> Page 116: "... the consensus of the evidence supports that the treatments are effective in terms of mental health, psychosocial outcomes, and the induction of body changes consistent with the affirmed gender in pediatric GD patients. The evidence also supports that the treatments are safe in terms of changes to bone density, cardiovascular risk factors, metabolic changes, and cancer."
If you could cite these randomized controlled trials, that would be great.
In how many US states were pediatric gender treatments suspended or phased out by medical bodies because doctors examined the evidence and determined that the treatments were not beneficial? That's what I would expect if the treatments really didn't work. From what I know, this isn't the case for any of the bans. The bans are all laws passed by state legislatures, especially conservative ones, and aren't meaningful evidence of anything except conservative lawmakers' political incentives.
To date, no American study has been conducted that randomly assigned patients into groups put on blockers or not. That's the best way to study the effects of blockers: Have psychiatrists identify a group of 100 people that they think should be put on blockers. Flip a coin to assign 50 of those patients into a control group that doesn't receive blocker and the other 50 do. And then monitor their lifetime outcomes.

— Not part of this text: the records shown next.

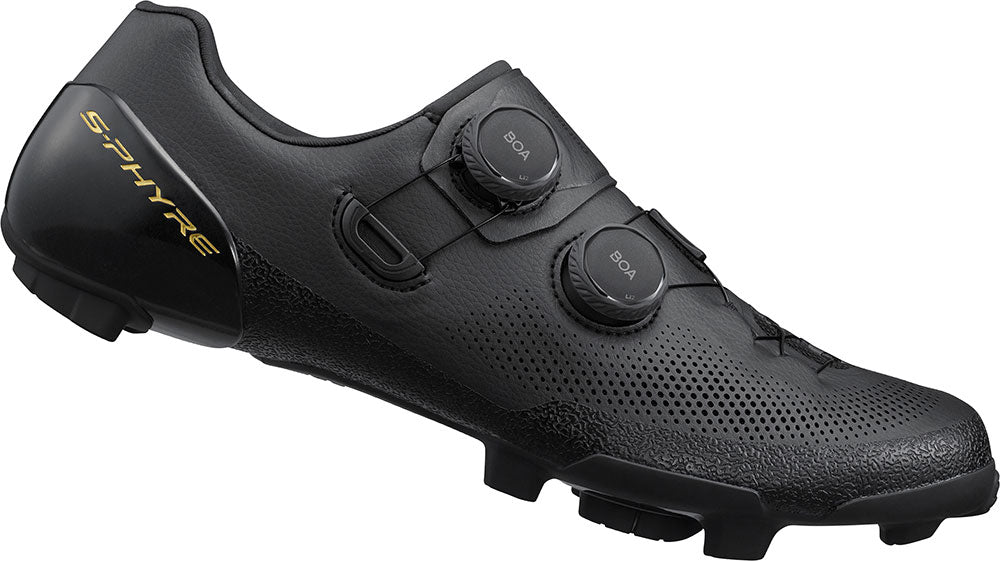 Shimano sh-rx910 black - gravel shoes | 43
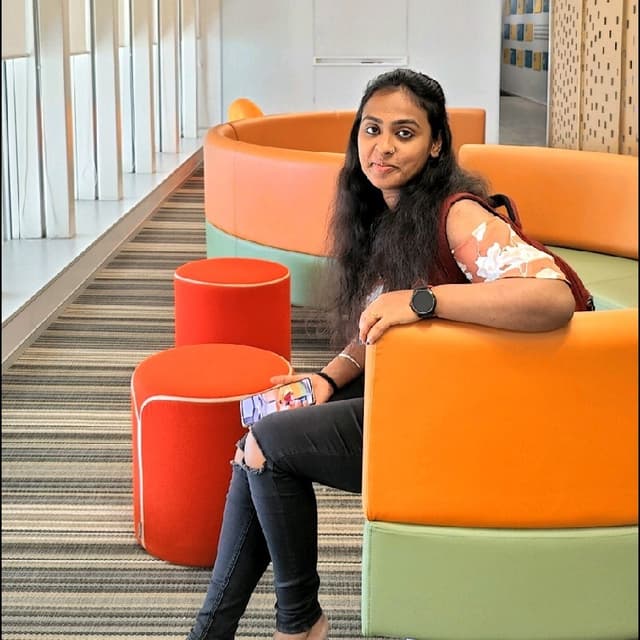 Aishwarya Raman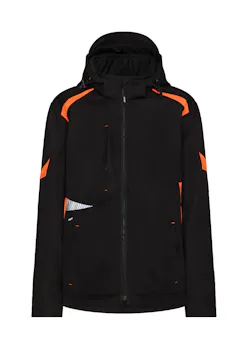 Dassy Logix Kalama Damen Softshelljacke thumbnail
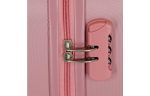 MOVOM ABS Kofer 55 cm - Powder pink - Slika 5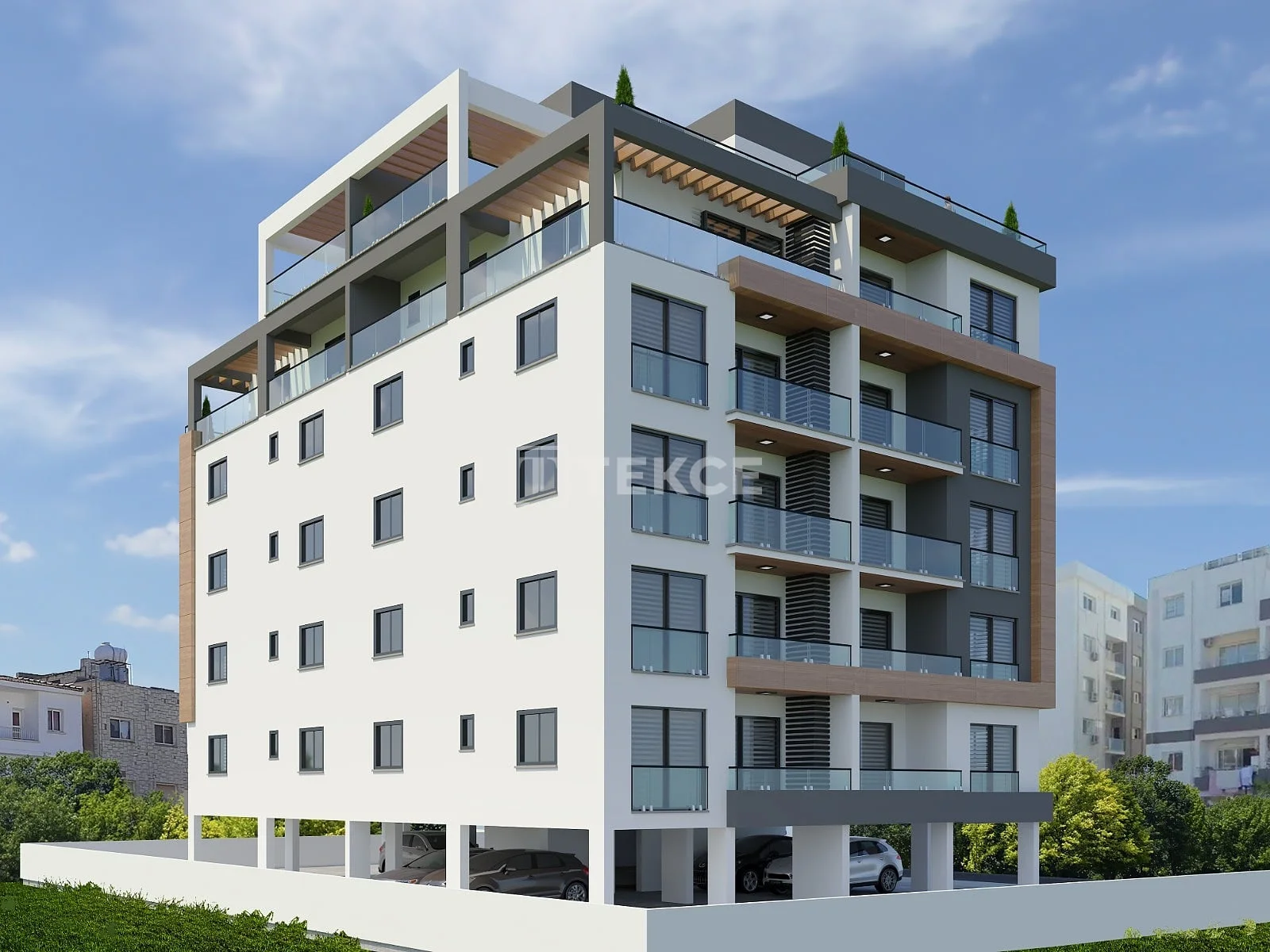 2-Bedroom Apartment with Sea View in Gazimagusa, Northern Cyprus, photo 4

This is how the Finnish 2019 study functioned, and they found no improvement over the control group (and the country stopped providing blockers a year later). American gender medicine researches argue that it's unethical to conduct an RCT and deprive have the patient sample access to life-saving care. But of course, they don't know that this care is beneficial - let alone "life-saving" - until they actually compare the outcomes against a control group.

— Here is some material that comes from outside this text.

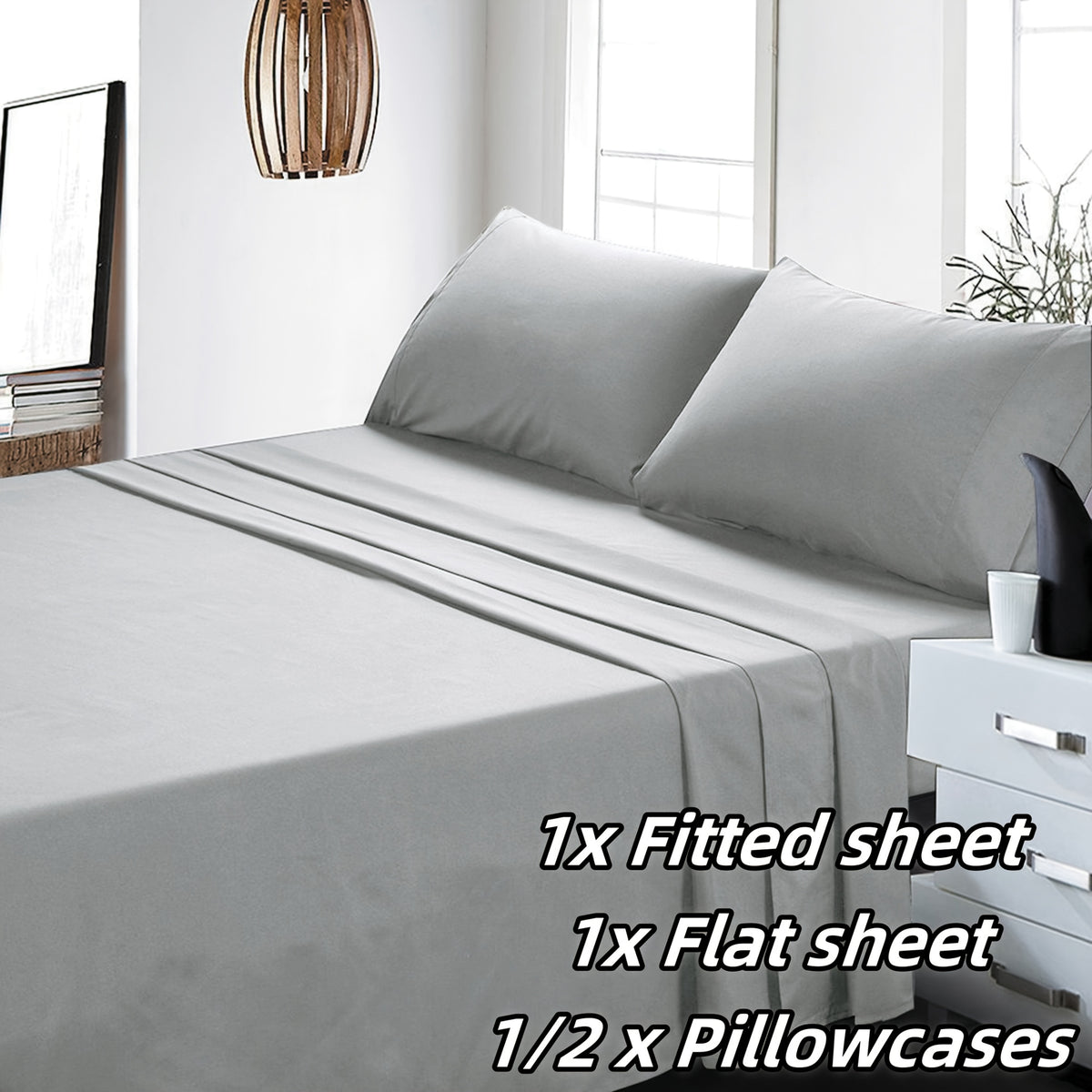 Bed Sheet Set product detail 2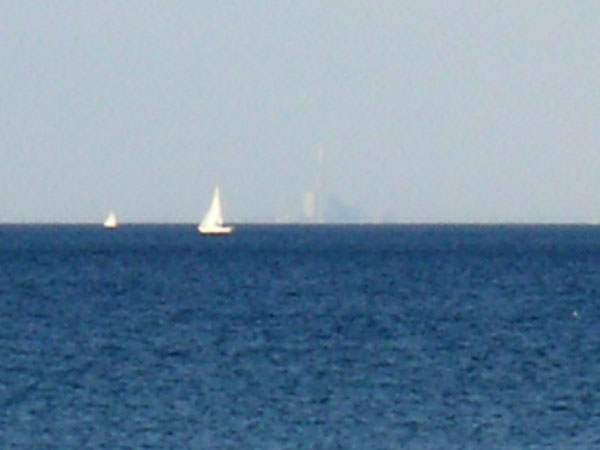 Toronto, from St. Catharines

It's unfortunate that the rollbacks in America had to come from politicians instead of an internal process from the medical establishment. But ultimately, North American gender medicine has thus far refused to conduct effective research into the efficacy of medicalized youth gender care like their European colleagues. Politicians, and the public, have recognized this.
If proponents of medicalized youth gender care want to try and justify that this treatment is necessary, they ought to actually do randomized controlled trials. If we have cohorts of children expressing the same levels of discomfort with their gender, and the randomly-assigned treatment group sees better outcomes than the control group, that is a much stronger piece of evidence than only having a treatment group and baselessly claiming that the control group would have fared worse.

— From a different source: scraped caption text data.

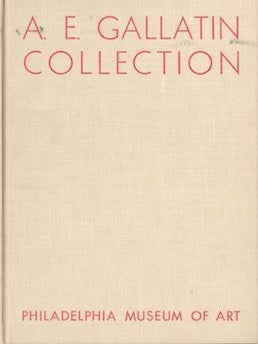 Item #69-3955 A. E. Gallatin Collection. Alfred Eugene Gallatin Philadelphia Museum of Art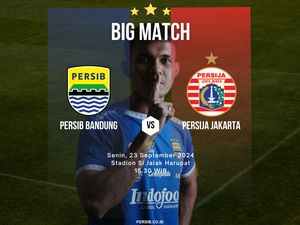 Sengitnya Head to Head Persib Vs Persija Sengitnya Head to Head Persib Vs Persija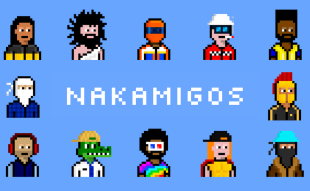 Nakamigos-Featured NFTs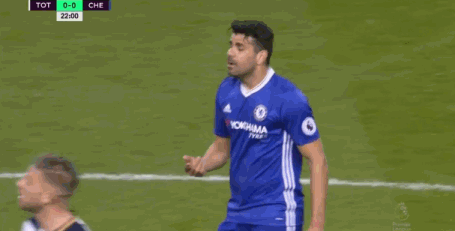 切尔西客场0-2输球,遭遇了本赛季的第3场败仗,同时蓝军13连胜纪录遭到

Even stronger evidence for stopping the prescription of blockers are the randomized control trials conducted in Finland and the UK. The patients who received blockers fared no better that those that did not. Without a control group, there's no way to prove or disprove Olson-Kennedy's claim that the patient would have fared worse absent blockers. But the few studies on blockers that did have a control group found no improvement over the control.
And you're wrong that these treatments are widely accepted. In about half of the US they're already banned. In Europe, the UK, Finland, Sweden, Italy, Norway, and Denmark have all stopped prescribing puberty blockers. It is no longer correct to call this treatment widely accepted.